The more noteworthy, and potentially more dangerous move from Trump, relates to the disconcerting, anti-Muslim inclinations evident in another executive order he is expected to issue. The Department of Homeland Security is vetting executive orders that would end America’s Syrian refugee program and suspend Muslim majority-country visas. Trump is reportedly considering whether ending the entire refugee program is doable and whether a subsequent revamp could favor religious minorities (mainly Christians in Muslim countries).

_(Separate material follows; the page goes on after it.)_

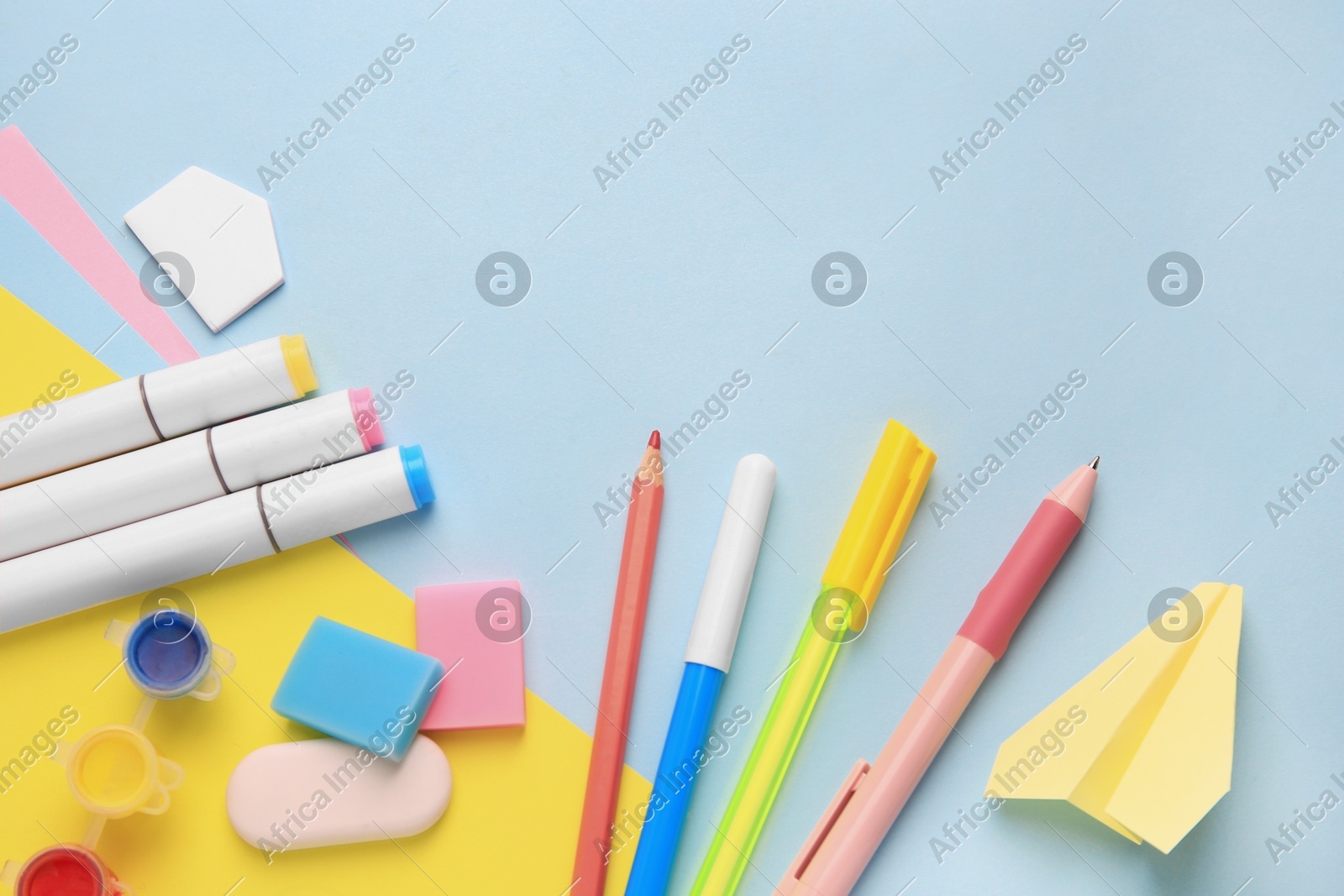 Flat lay composition with different school stationery on light blue background. Back to school Photo of Flat lay composition with different school stationery on light blue background. Back to school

For now, let’s talk about Wednesday’s executive order on the wall, and let’s begin with some reality. There already is a wall — 700 miles of it — along the roughly 1,900-mile US-Mexico border. This fact gets lost in media coverage, and was ignored by Hillary Clinton and other Democrats during the campaign. But it’s there. And where the wall leaves off, drones, surveillance technology, or Border Control facilities and Border Control agents pick up.
Any promise to build more wall will fail mostly because of geography. You cannot build a wall on the Rio Grande, for example. And in other border areas vast mountain ranges make an ocean-to-gulf wall simply impossible, if not ridiculous, to build. As former Department of Homeland Security Secretary Jeh Johnson told me in an interview for my podcast last spring, “It makes no sense to build a 10 foot wall on top of a 10,000 foot mountain.”
There are also political challenges to building a wall that have nothing to do with Mexico or geography.
In Texas, a red state, a lot of folks are not too keen on building a new wall, and the same is true in New Mexico. In Arizona, most of the Mexico border already has a wall. Many in these southern border states who oppose further extending the wall believe it would inhibit commercial and agricultural activity. In some areas, America’s longstanding deference to tribal lands would prohibit such a barrier.
Even Trump’s own secretary of the Department of Homeland Security, John Kelly, knows that border security is more complicated than miles of bricks and fencing. At his confirmation hearing, Kelly acknowledged that even a complete wall from the Pacific to the Gulf would still need additional layered defenses to be effective, “I believe the defense of the southwest border really starts about 1,500 miles south, and partnering with [other countries].”
Apparently recognizing this, Trump’s executive order does not specify how or where these new sections of the wall would be built. Trump’s wall order is merely a concession to his supporters and, of course, carries no force in compelling Mexico to pay for construction. As yet, Wednesday’s order has few facts, no dates and no details.
In other words, a big nothing, little more than tactical symbolism on a cornerstone campaign promise. Operationally? Empty. Rather, what the occasion reveals is the inadequacy of such a barrier in securing our southern border — and the rest of our nation.
What it also reveals is Trump’s consistent adherence to his unfortunate campaign platform: America as unwelcoming: anti-Muslim, anti-refugee, anti-immigrant.
Smoke-and-mirror proposals will do little to stem a terror threat (terrorists with French passports, for example, will make it through easily) but do much to heighten antagonism toward our country. Trump should be called out for already violating his major campaign promise, that Mexico will pay for the wall.
These feints at strengthening our borders in reality only weaken our unity.